In the data below, the answer is the run of lines from the line containing "Phospho-PERK-T982 Polyclonal Antibody" through the line containing "cca 5 mm. 11.", both included; print it exactly and nothing else.

**** Information supplied ****

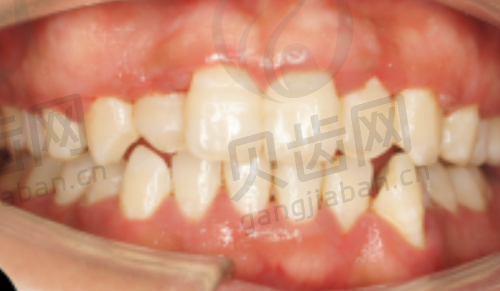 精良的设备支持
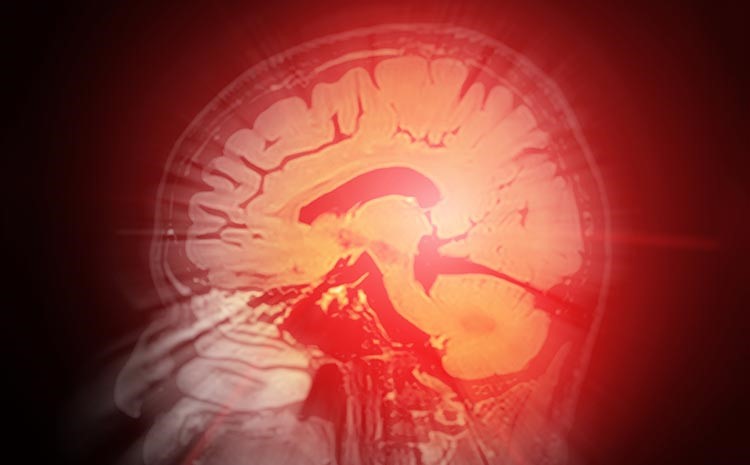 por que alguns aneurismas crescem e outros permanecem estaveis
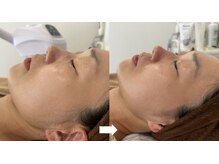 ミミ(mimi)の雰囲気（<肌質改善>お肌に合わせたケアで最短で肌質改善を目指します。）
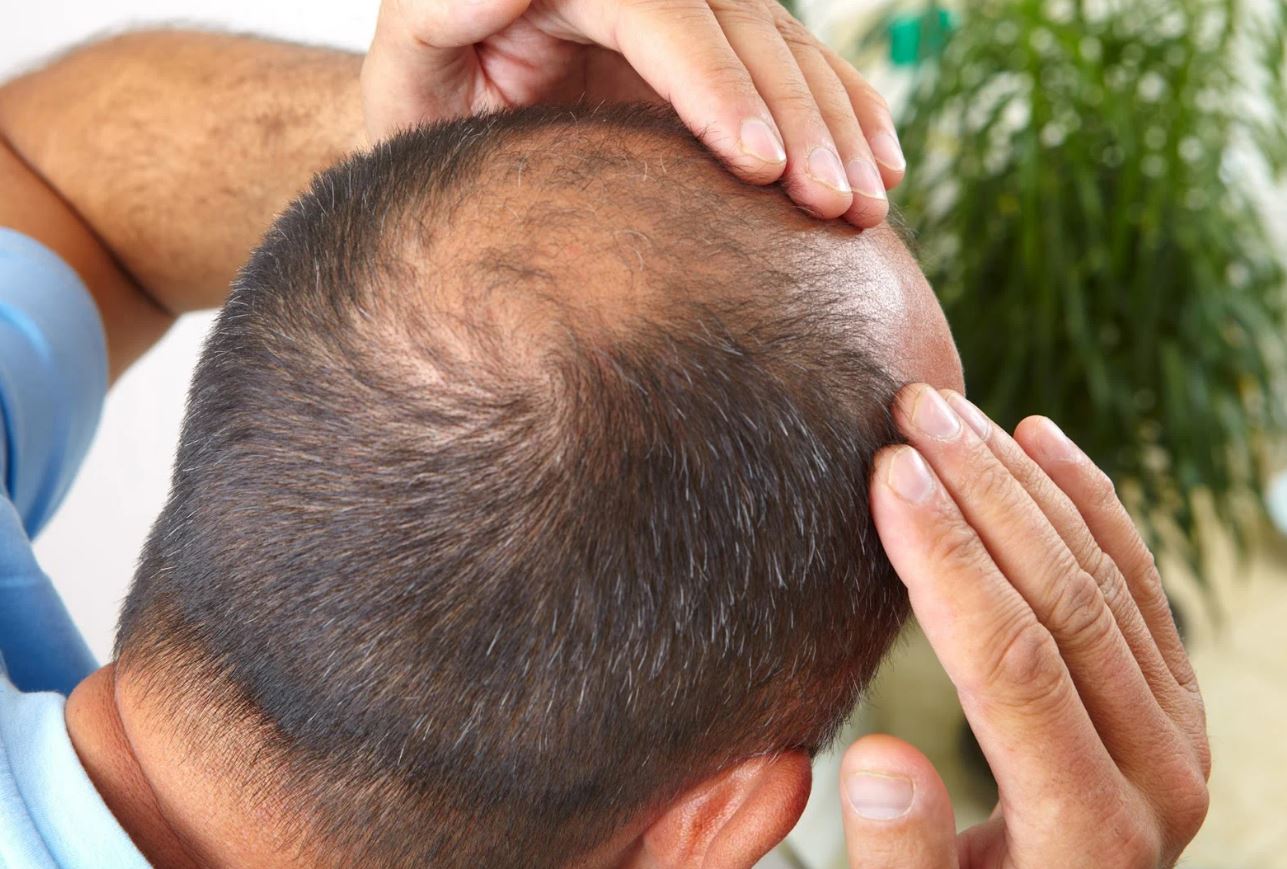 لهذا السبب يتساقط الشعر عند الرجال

****
**** Information supplied ****

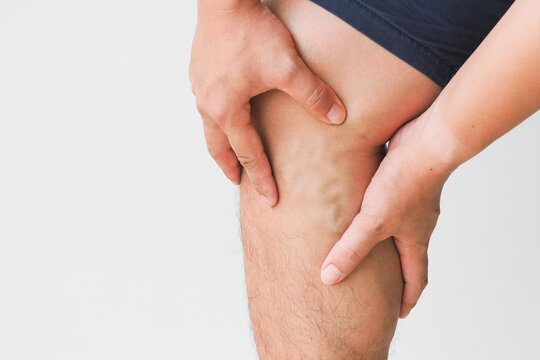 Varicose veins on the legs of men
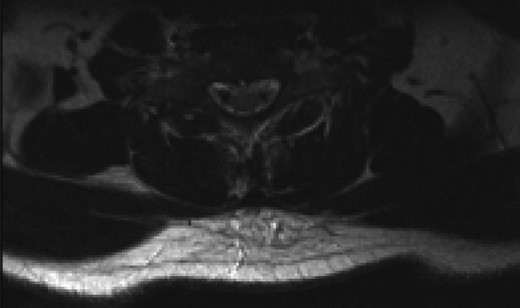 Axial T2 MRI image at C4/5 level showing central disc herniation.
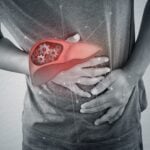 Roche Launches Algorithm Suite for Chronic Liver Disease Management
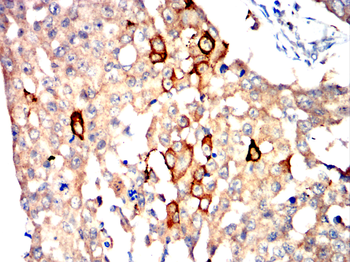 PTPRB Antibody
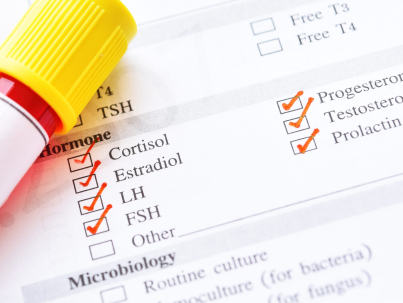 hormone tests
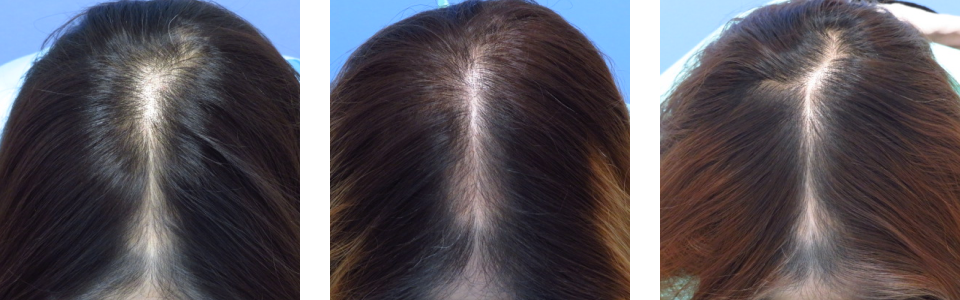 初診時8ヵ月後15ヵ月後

****
**** Information supplied ****

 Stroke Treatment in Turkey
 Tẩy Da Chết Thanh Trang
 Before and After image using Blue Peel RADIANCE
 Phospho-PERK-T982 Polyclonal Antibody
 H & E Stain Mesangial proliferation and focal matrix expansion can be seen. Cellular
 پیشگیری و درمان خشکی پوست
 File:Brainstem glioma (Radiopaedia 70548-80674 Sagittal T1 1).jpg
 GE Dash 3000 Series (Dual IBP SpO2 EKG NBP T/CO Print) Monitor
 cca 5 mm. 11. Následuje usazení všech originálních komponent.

****

- _Solution to this problem_
 Phospho-PERK-T982 Polyclonal Antibody
 H & E Stain Mesangial proliferation and focal matrix expansion can be seen. Cellular
 پیشگیری و درمان خشکی پوست
 File:Brainstem glioma (Radiopaedia 70548-80674 Sagittal T1 1).jpg
 GE Dash 3000 Series (Dual IBP SpO2 EKG NBP T/CO Print) Monitor
 cca 5 mm. 11. Následuje usazení všech originálních komponent.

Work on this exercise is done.